2. Meines Wissens gibt es keine Anti-Autonomie-Parteien in Südtirol. Jedenfalls sind alle genannten maximal Semi-Autonomie-Parteien nach obiger Definition. Gemeint ist wohl die STF als Anti-Autonomie-Partei. Dennoch lese ich von dieser anlässlich der Landtagswahl: "Die Autonomie ist als Übergangslösung für Südtirol von großer Bedeutung. Ein Ausbau der Autonomie wäre auf jeden Fall zu begrüßen, auch wenn die Autonomie nicht die Abtrennung von Italien ersetzen kann."
3. Inwiefern haben sich Südtiroler Parteien europafeindlich geäußert? Gibt es da Belege?

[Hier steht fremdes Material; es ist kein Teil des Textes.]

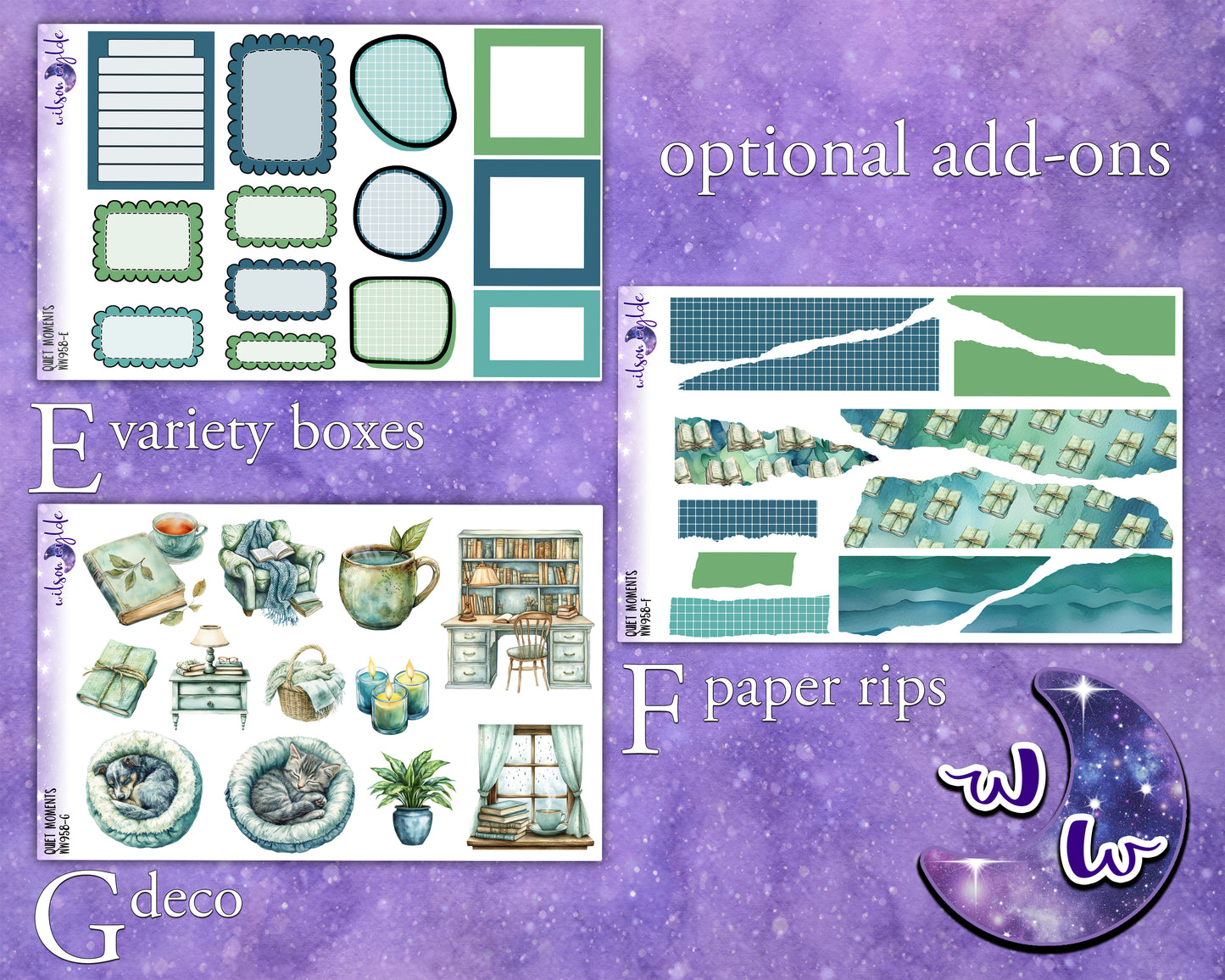 Quiet Moments weekly sticker kit, STANDARD VERTICAL format, a la carte and bundle options. WW958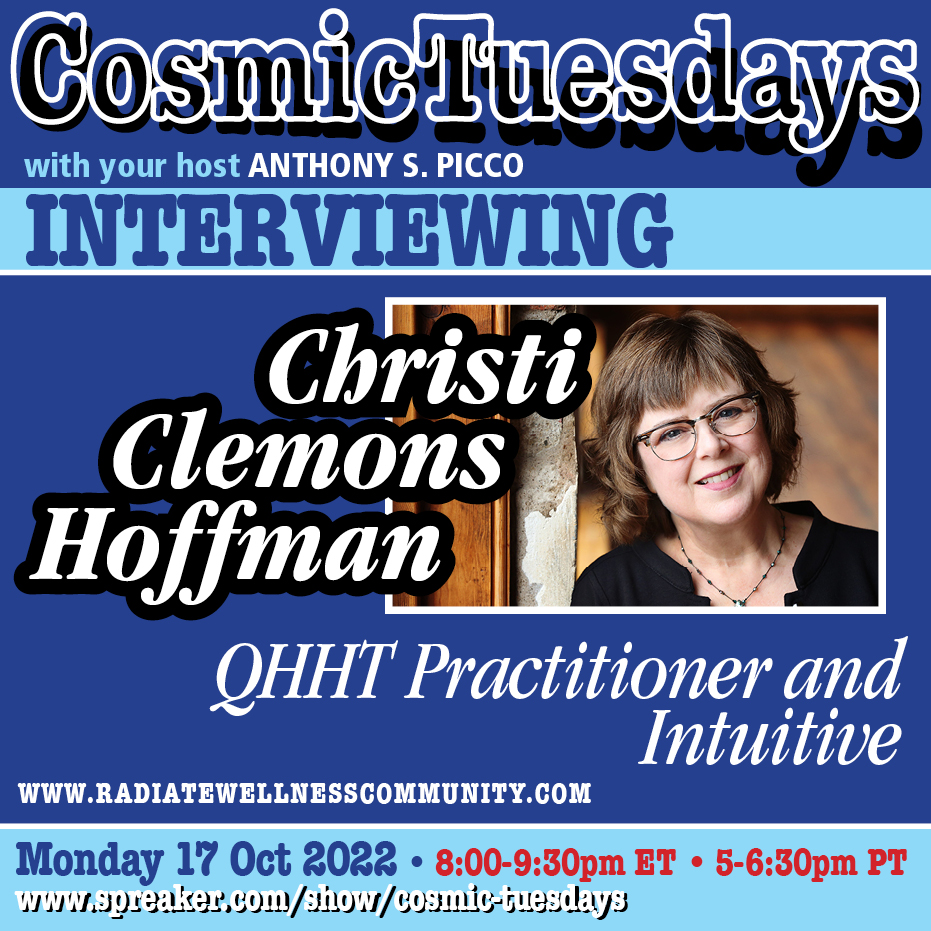 aspicco's tweet photo. On Monday, 17 October, Christi Clemons Hoffman will be joining us. She is certified in Quantum Healing Hypnosis Technique and is a lifelong intuitive, channel, teacher, and consultant...and much more, including reiki... JOIN US for some interesting discussions! https://t.co/Cray5fWprv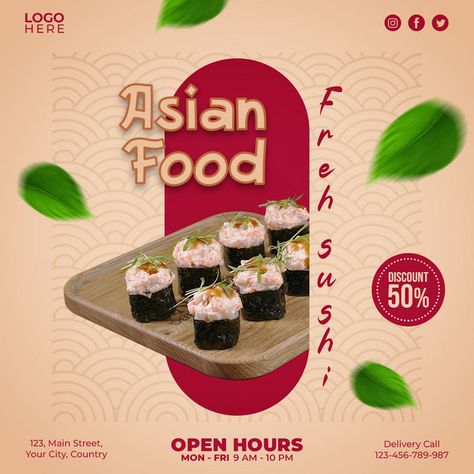 Chinese Food Social Media Design, Asian Food Graphic Design, Japanese Social Media Design, Sushi Social Media Design, Food Banner Design Ideas, Japanese Food Design, Food Post Design, Food Social Media Design, Food Restaurant Design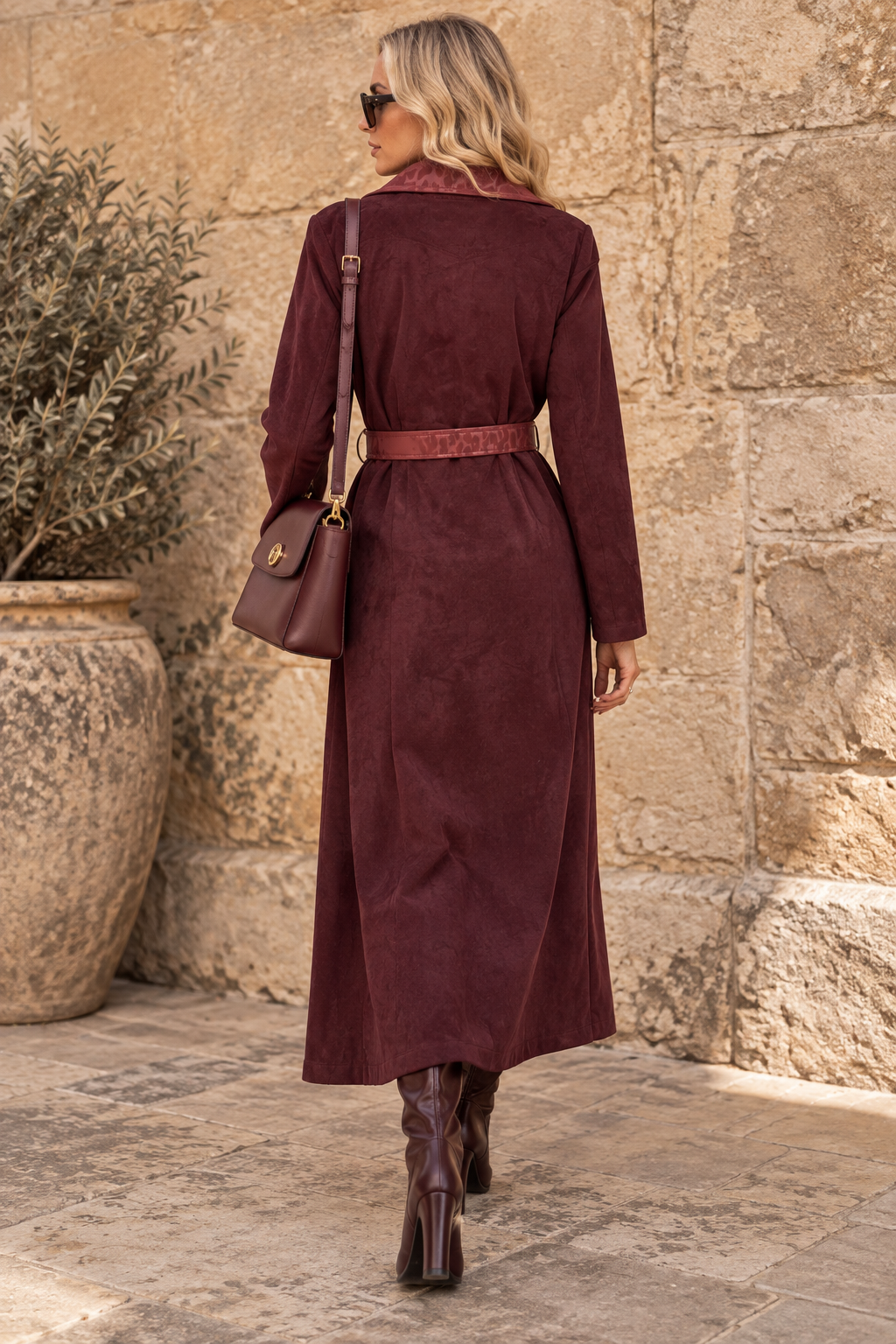 Narla Faux Suede Belted Coat Claret
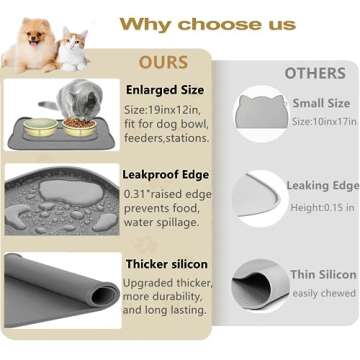 IYYI Cat Food Mat, Silicone Pet Food Mat for Floor, Waterproof Non Slip Pet Feeding Mat, Raised Edge Cat Bowl Mat to Stop Food Spills and Water Messes (Black+M)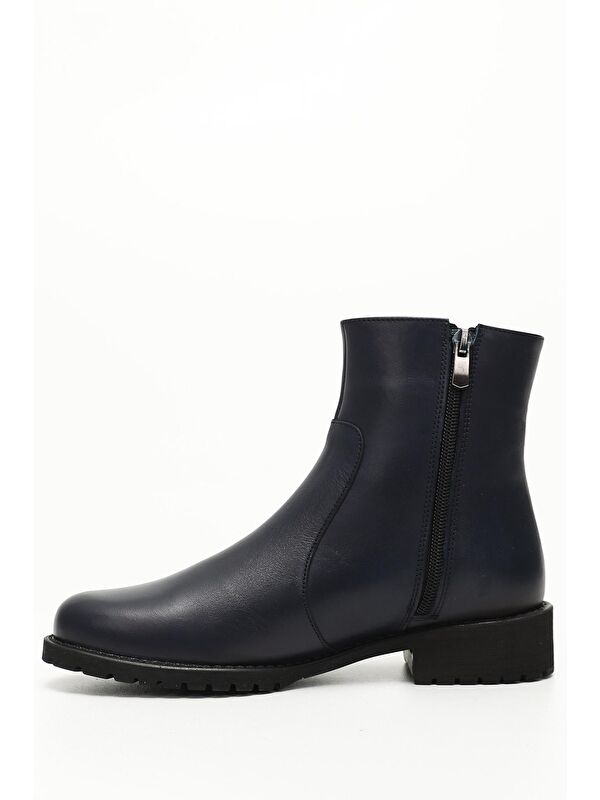 KOYU LACİVERT Hakiki Deri Yuvarlak Burun Topuklu Kauçuk Taban Fermuarlı Kadın Günlük Bot 47408 - Görsel 4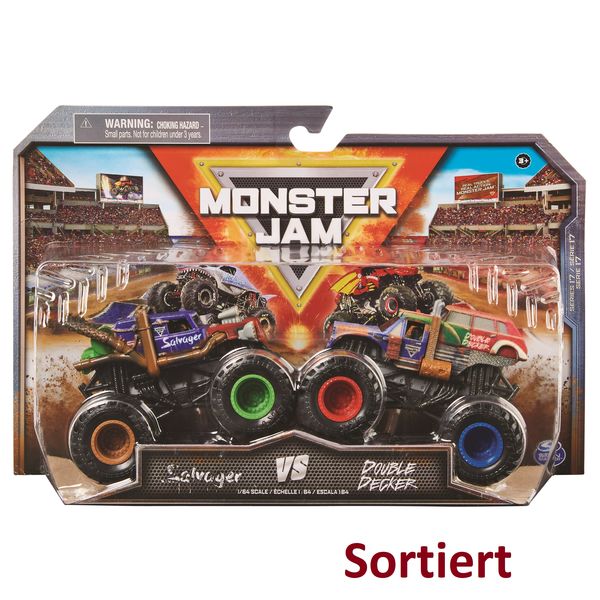 Monster Jam - Original Zweier-Pack mit authentischen Monster Trucks im Maßstab 1:64, krasse Stunt-Action ab 3 Jahren (Sortierung mit verschiedenen Designs, Zufallsauswahl)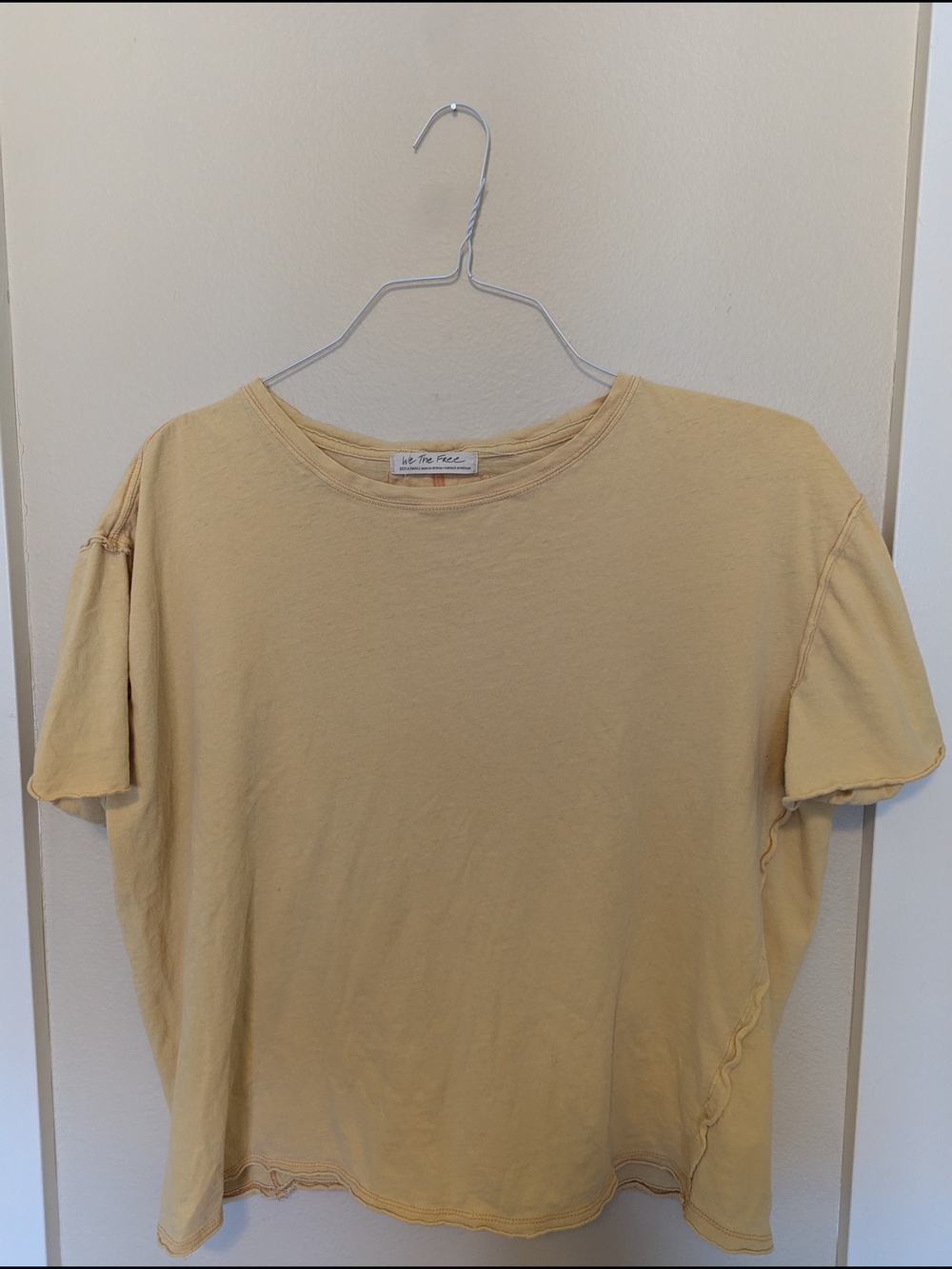 We The Free Pale Yellow Boxy Tee with Raw Hem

4. Was Migration betrifft ist die Kritik an den Freiheitlichen gerechtfertigt. Anlässlich der Landtagswahlen schreibt die STF jedoch auf die Frage, ob Sozialleistungen Einheimischen vorbehalten bleiben sollen: "Nein. Wer in Südtirol lebt, soll auch Anrecht auf Sozialleistungen haben. Das System sollte aber so gestaltet werden,
dass es nicht Anreiz für eine Einwanderung bildet, die nur der Sozialleistungen wegen erfolgt."
5. "Eine Autonomie, die noch lange nicht den Idealzustand erreicht hat und reformbedürftig ist, aber gegenüber der die Selbstbestimmung keine Alternative darstellt."
Gibt es für diese Behauptung auch nur den Hauch einer Begründung, die auf wissenschaftlichen Erkenntnissen fußt oder ist es so, weil es so ist?
6. Die SVP ist eine Mitte-links-Partei? Hab ich was versäumt?
7. Was macht "Wir Südtiroler" und "Ladins" zu Rechtsparteien?